Textiles in America, 1650-1870, Printed Textiles: English and American Cottons and Linens, 1700-1850

Florence Mellowes Montgomery (1914–1998) was an American museologist and art historian, specializing in textiles.

Born Florence Elizabeth Mellowes in Fort Wayne, Indiana, she earned her B.A. from the University of Wisconsin–Madison, followed by a Radcliffe College M.F.A. Montgomery worked in the library of the Art Institute of Chicago prior to her graduate study. She later was an assistant to the director of the Rhode Island School of Design's Museum of Art. She then moved to New York to work at the Metropolitan Museum of Art with Joseph Downs, curator of the American Wing.

In 1946, she married Charles F. Montgomery, with whom she had two children: William Phelps, who went on to become a digital fine artist, and Agnes Nisbet, who died at the age of five. Charles's career spurred two moves, one in 1949 to Delaware and one in 1970 to Connecticut, but did not cut short Montgomery's. When Yale published a posthumous tribute to Charles's career (originally intended to celebrate his retirement), the volume's bibliography and very title acknowledged the professional contributions of his wife and collaborator.

At the Winterthur Museum in Delaware, Montgomery pioneered the training of museum guides.
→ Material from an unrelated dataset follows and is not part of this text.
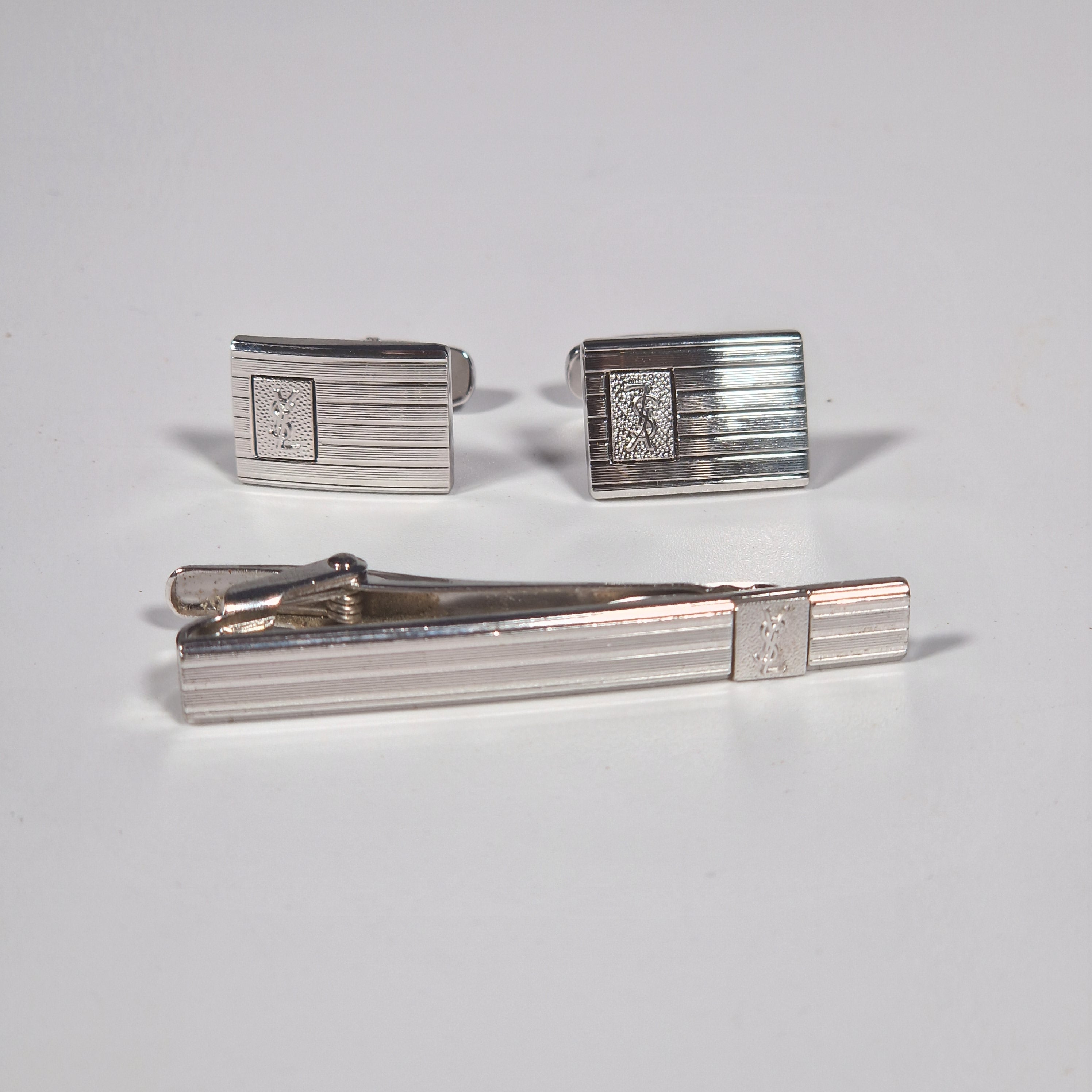 Yves Saint Laurent a pair of cufflinks and a tie pin with box.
She also taught art history in the influential Program in Early American Culture. For ten years, she served as the assistant curator of textiles.
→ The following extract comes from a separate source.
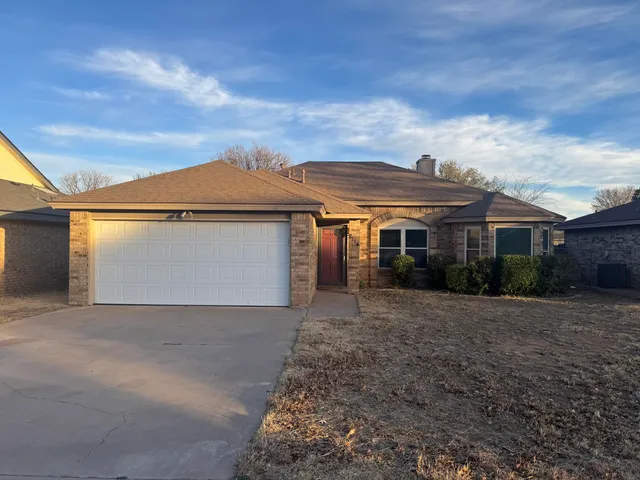 front view of a house with yard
Montgomery continued to write, teach, volunteer, and work as a museum consultant until her death. The publication of her historical dictionary of fabrics, Textiles in America, 1650-1870 (1984), was an "event much anticipated" by scholars That volume and her earlier book, Printed Textiles: English and American Cottons and Linens, 1700-1850 (1970), continue to appear on syllabi for courses in material culture and the decorative arts.